Input data Start Marker

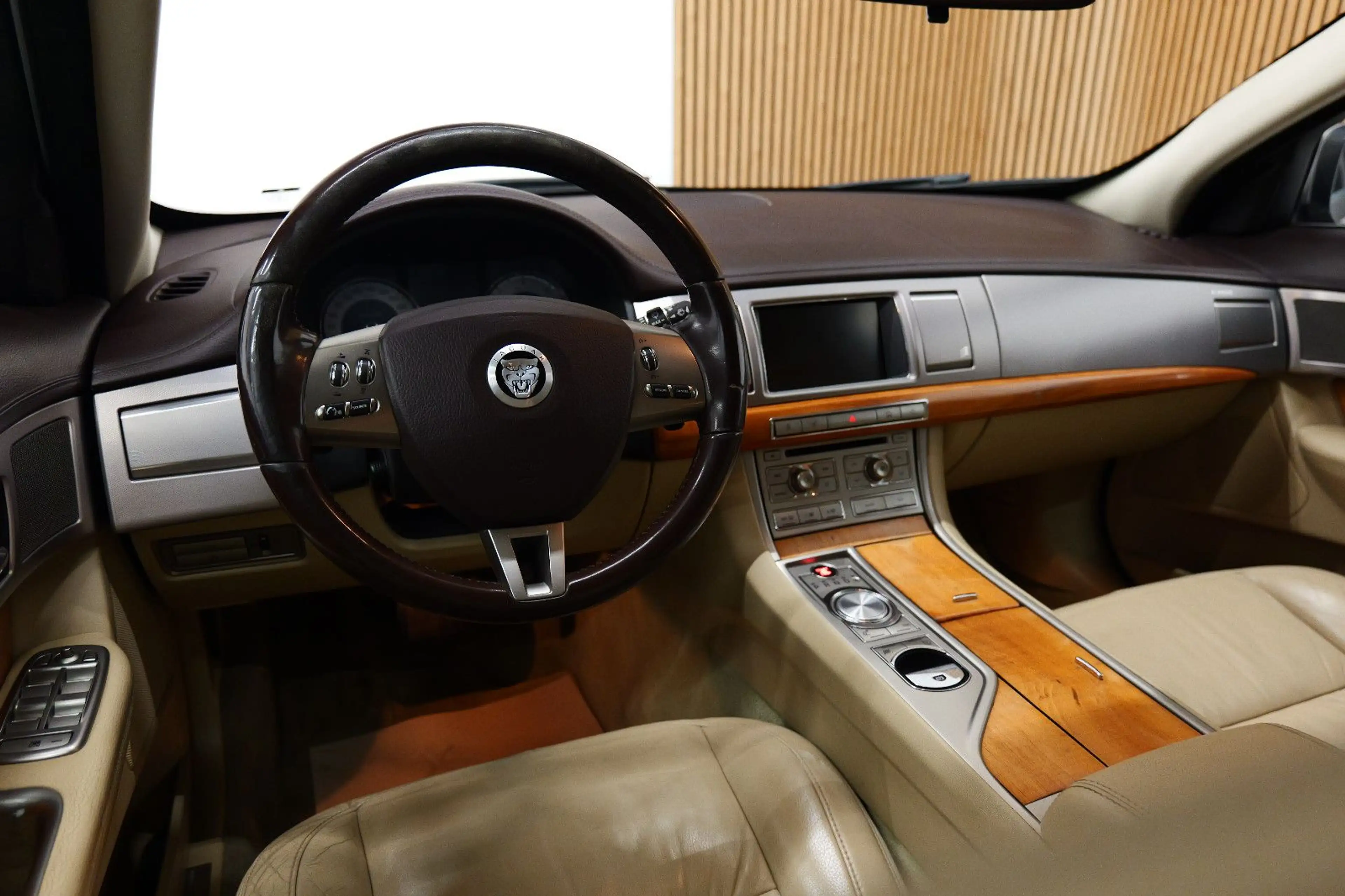 Jaguar XF 3.0 D V6 Luxury NAVI/KAM/TEMP/ZV/LM+TÜV 05.27 — photo 9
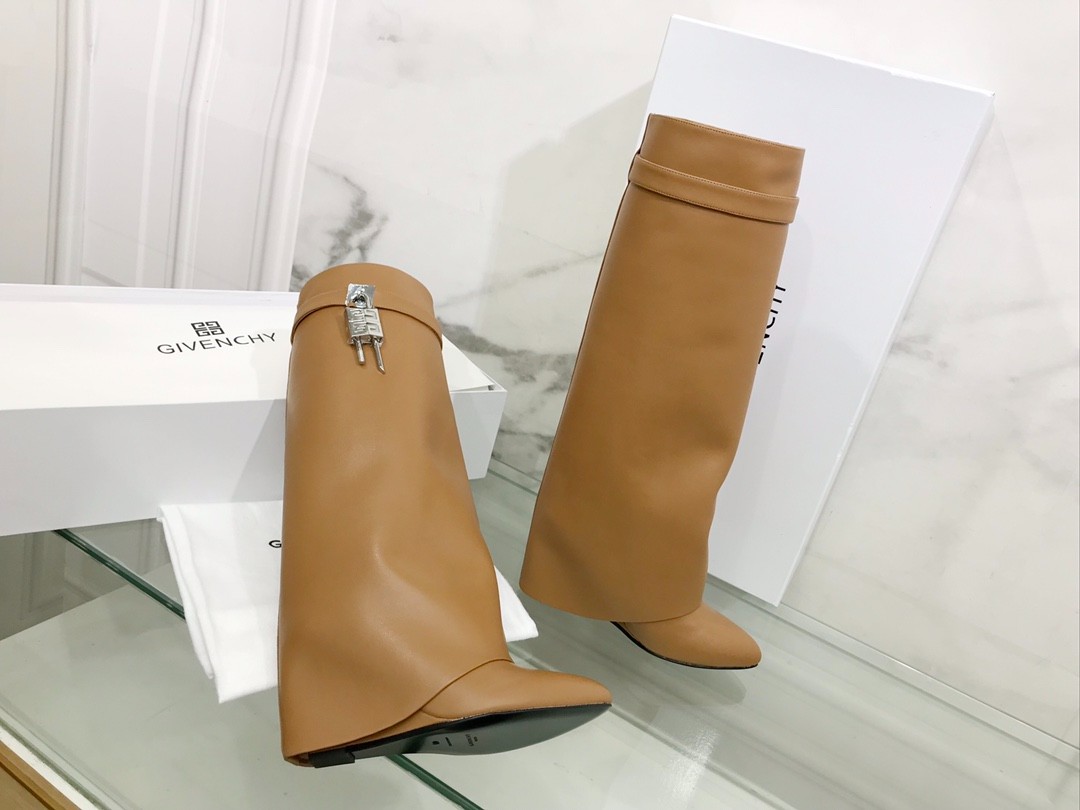 218 88123238 SIZE 35-42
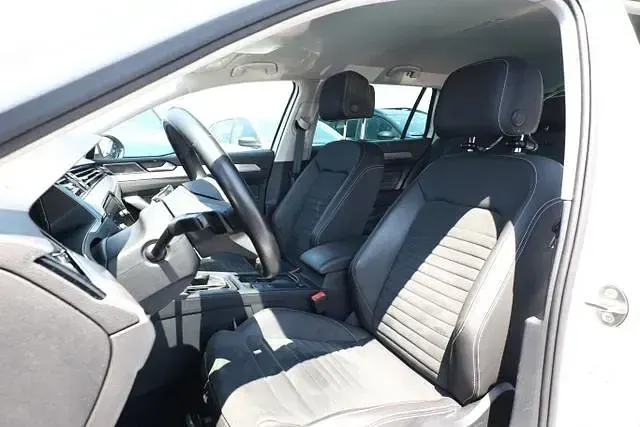 Gebraucht VW Passat Elegance 200 PS (147 kW) 2021 Pure white pure white Kombi
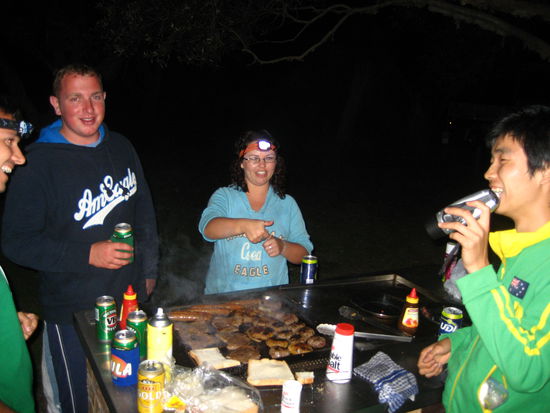 die lustigen koeche, die fuer einen tag im voraus grillten. chris und ho ya hatten somit eine grillwurst, die sie bereits zum fruehstueck gegessen haben am naechsten tag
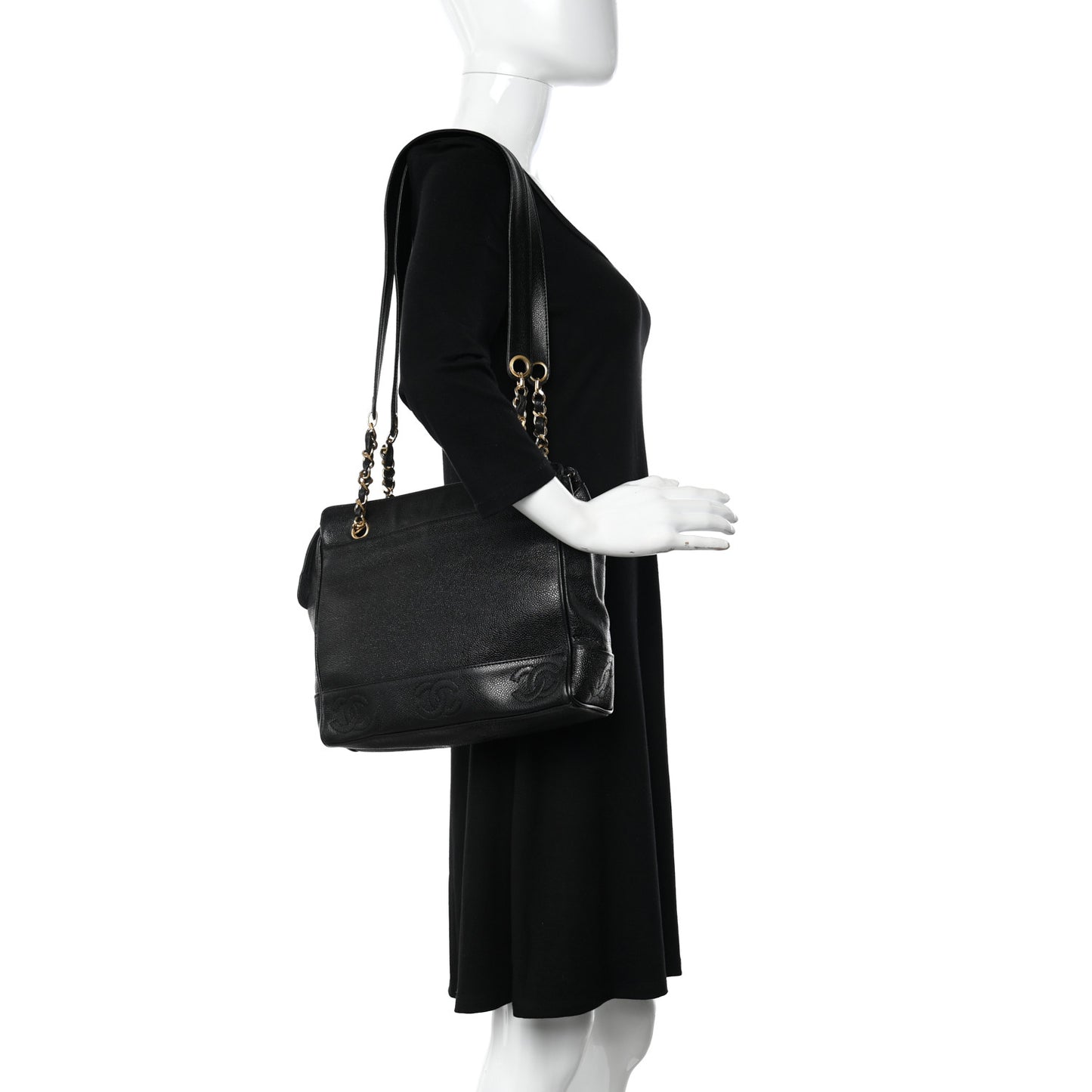 Caviar CC Shoulder Bag Black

Input data End Marker

Exercise directions. Pictures are not part of the answer, which must be the exact lines from the one holding "218 88123238 SIZE 35-42" through the end of the material, both ends included.

Problem solution.
 218 88123238 SIZE 35-42
 Gebraucht VW Passat Elegance 200 PS (147 kW) 2021 Pure white pure white Kombi
 die lustigen koeche, die fuer einen tag im voraus grillten. chris und ho ya hatten somit eine grillwurst, die sie bereits zum fruehstueck gegessen haben am naechsten tag
 Caviar CC Shoulder Bag Black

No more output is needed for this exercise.